“I personally have always been a big believer in providing as much information as you can to help the public understand what you’re doing, to help the markets understand what you’re doing, and to be accountable to the public for what you’re doing.” Federal Reserve Chairman Ben Bernanke, Press Conference, April 27, 2011.
One of the most attractive features of a free banking environment would be in reducing the power of a secretive government agency. There is a good reason that one of the most well-known books on the Federal Reserve was given the name Secrets of the Temple.
I have some personal experience with this issue and that all came to a head this past week in my Freedom of Information Act (FOIA) case as reported by Dow Jones Newswire (3 June 2011):
A federal appeals court ruled Friday that the Board of Governors of the Federal Reserve System doesn’t have to release records stemming from the 2008 rescue of Bear Stearns.
The U.S. Court of Appeals for the District of Columbia Circuit rejected a Freedom of Information Act lawsuit that sought details of the Fed’s March 2008 decision to authorize an emergency funding arrangement for Bear Stearns through J.P. Morgan Chase & Co. (JPM).

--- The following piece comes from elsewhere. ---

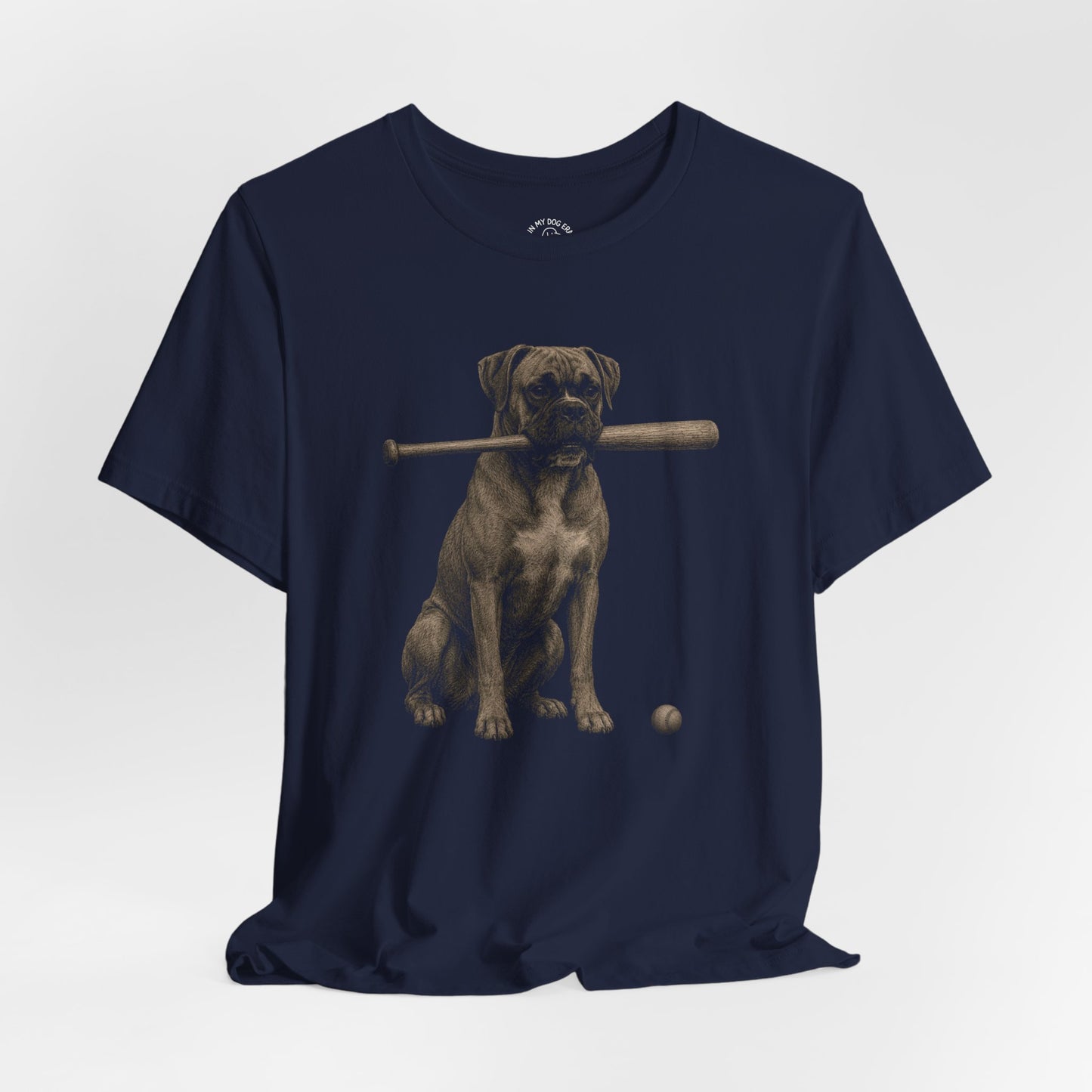 Bat Dog Boxer T-Shirt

Plaintiff Vern McKinley, a former FDIC official, was seeking details on the Fed’s conclusion that emergency funding for Bear Stearns was necessary because the firm’s collapse would be a contagion on fragile financial markets.
The appeals court said the public release of the information would undermine the ability of the Federal Reserve Board to perform its functions.
“Disclosure of the type of information withheld here, therefore, would impair the Board’s ability to obtain necessary information in the future and could chill the free flow of information between the supervised institutions and the Board and Reserve Banks,” the court said.
See the court’s full opinion.
For the past two years, with the help of the legal team at Judicial Watch I have been trying to get some basic information on the March 2008 Bear Stearns bailout: essentially what severe consequences would have flowed from allowing Bear Stearns to fail. Although we have found some interesting details, the Fed and the Justice Department have fought us every step of the way regarding full disclosure. The extent of resources the government is willing to put into such a fight is clear from the first page of Judge Henderson’s opinion. You have the two attorneys from Judicial Watch on my side followed by the details of the SEVEN attorneys from the Fed and Justice Department:
Michael Bekesha argued the cause for the appellant. Paul J. Orfanedes was on brief.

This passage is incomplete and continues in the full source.